> Instructions to follow
Pictures in the records below must be left out. Return exactly the lines from the line with "650V 15A AlphaIGBT" to the line with "Набор LEGO 43032", both included.

> Data under study

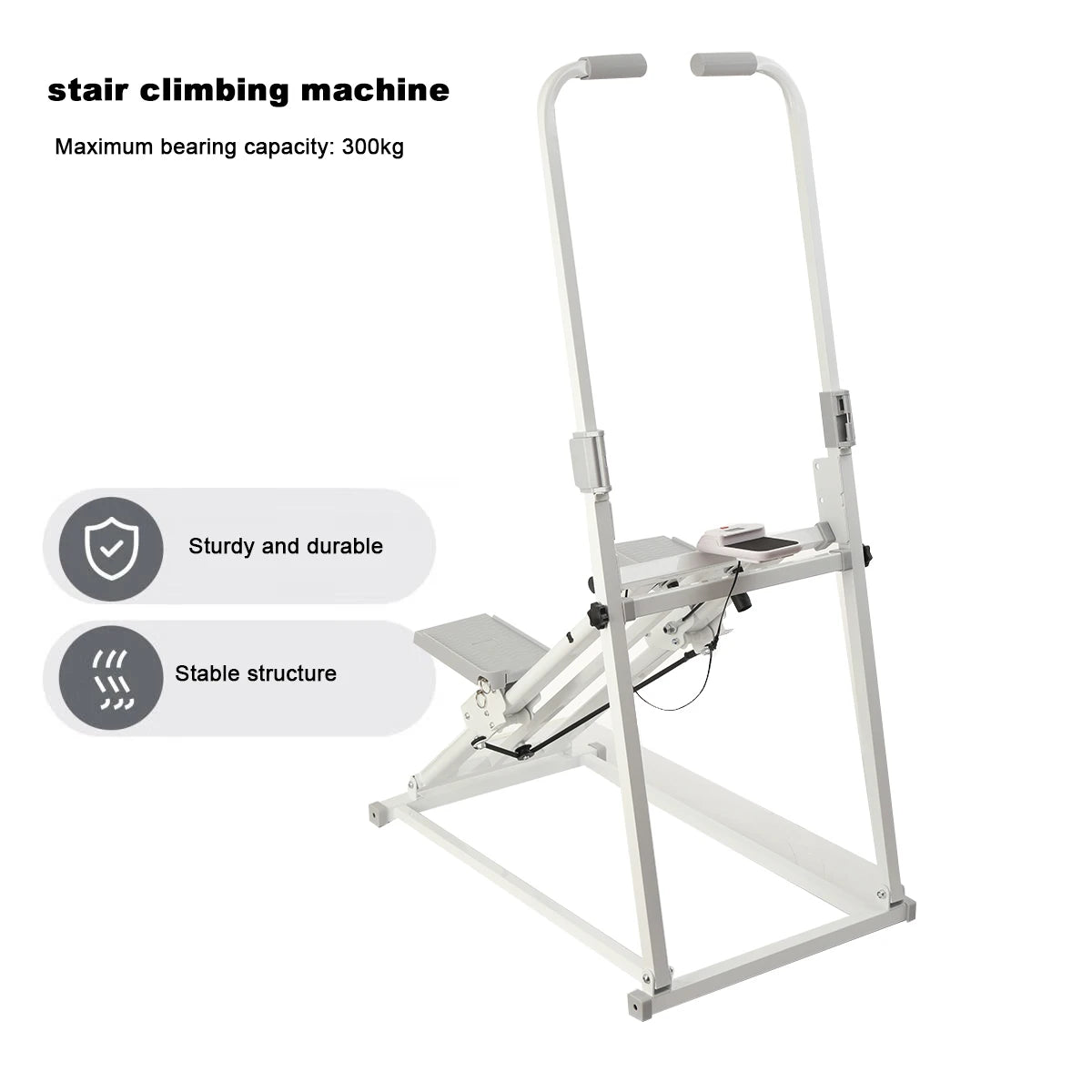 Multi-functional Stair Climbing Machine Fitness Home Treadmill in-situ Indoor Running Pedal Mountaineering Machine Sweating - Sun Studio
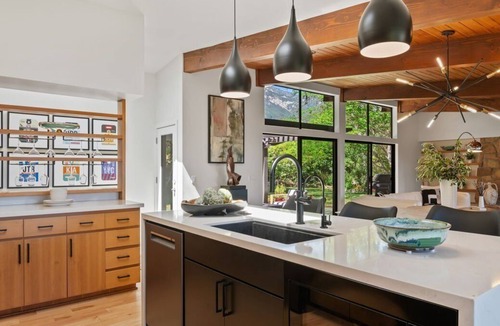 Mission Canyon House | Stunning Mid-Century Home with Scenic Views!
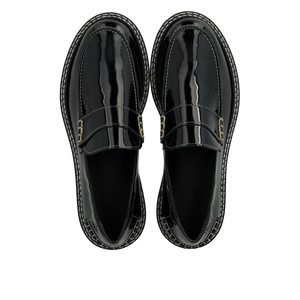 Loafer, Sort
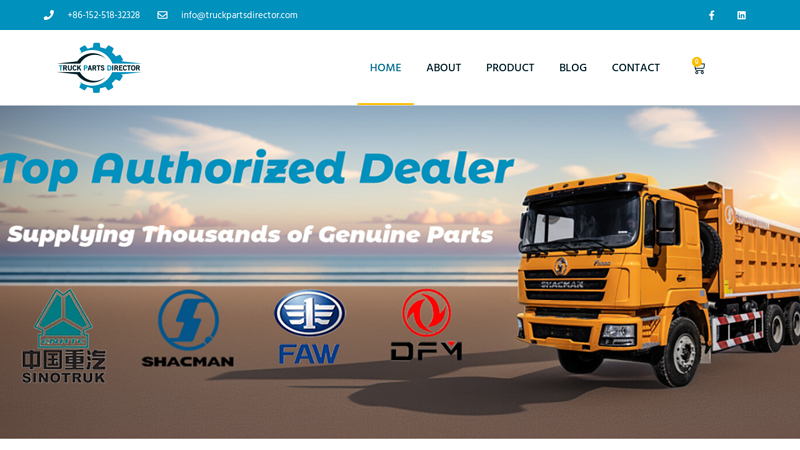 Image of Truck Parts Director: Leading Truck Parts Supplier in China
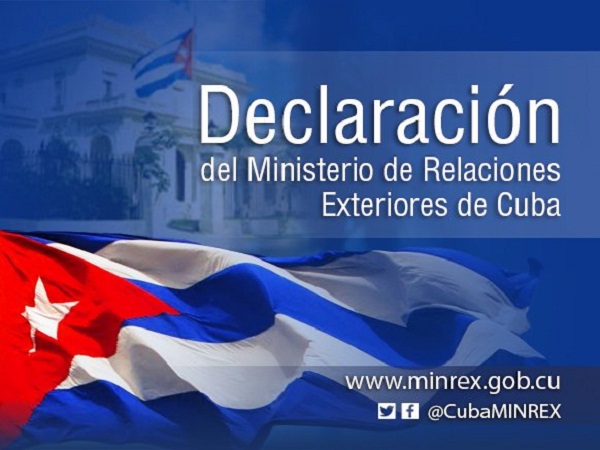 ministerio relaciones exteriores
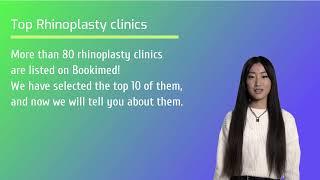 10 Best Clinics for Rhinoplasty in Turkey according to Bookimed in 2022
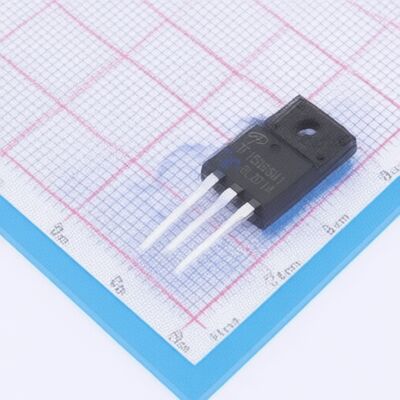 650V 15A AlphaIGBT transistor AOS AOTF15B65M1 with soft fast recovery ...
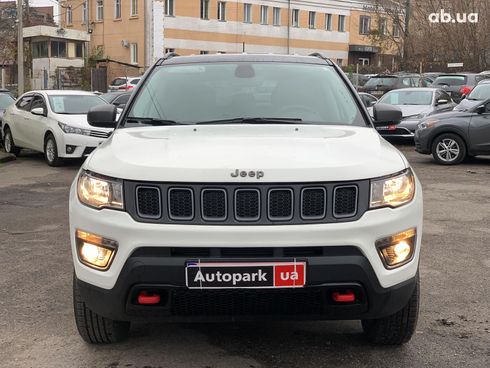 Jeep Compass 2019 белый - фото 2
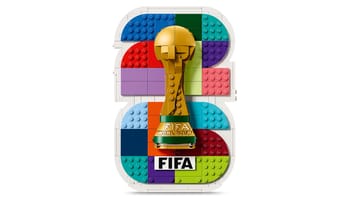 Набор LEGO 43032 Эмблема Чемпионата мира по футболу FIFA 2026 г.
--
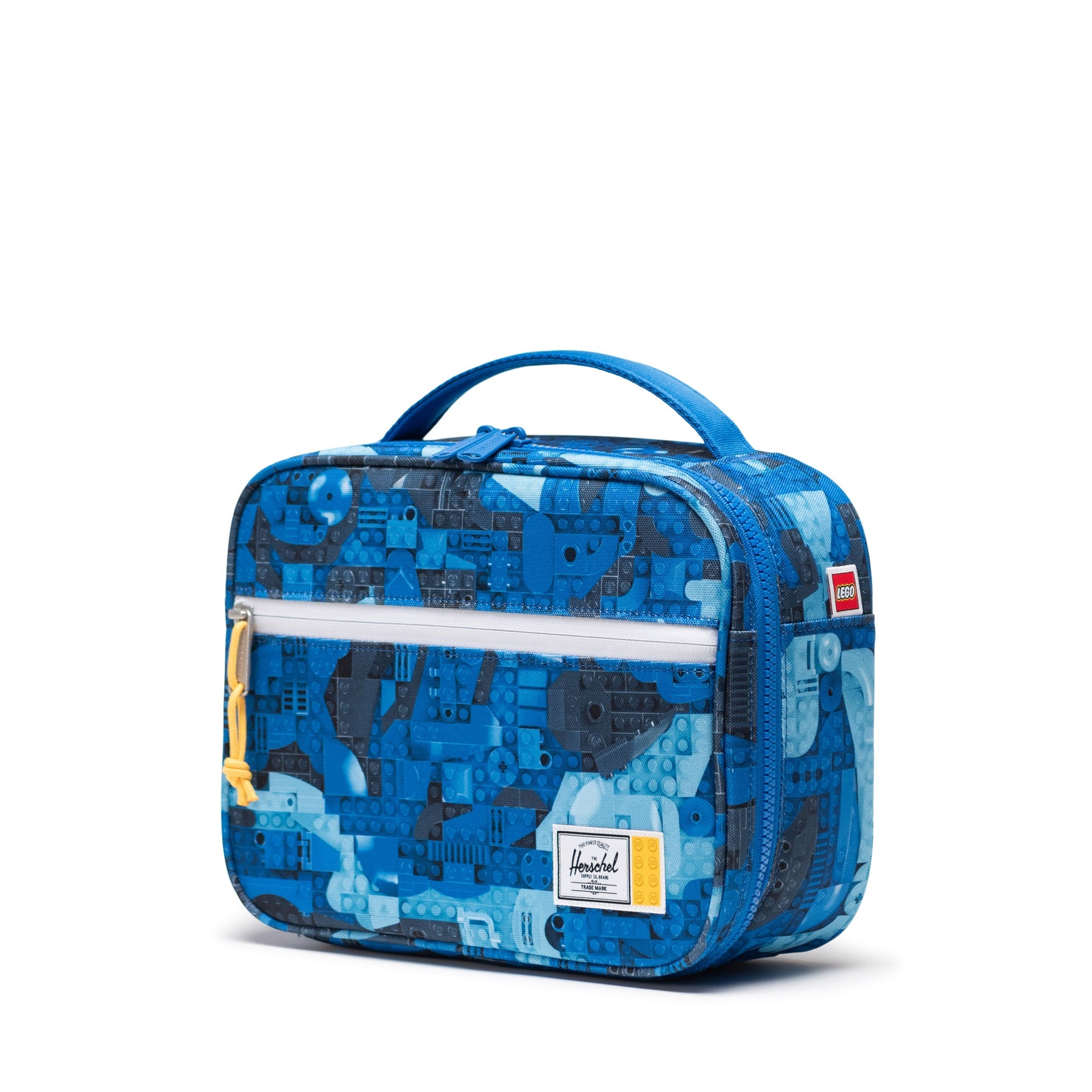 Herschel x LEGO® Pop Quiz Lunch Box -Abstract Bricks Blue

> Solution to this exercise
 650V 15A AlphaIGBT transistor AOS AOTF15B65M1 with soft fast recovery ...
 Jeep Compass 2019 белый - фото 2
 Набор LEGO 43032 Эмблема Чемпионата мира по футболу FIFA 2026 г.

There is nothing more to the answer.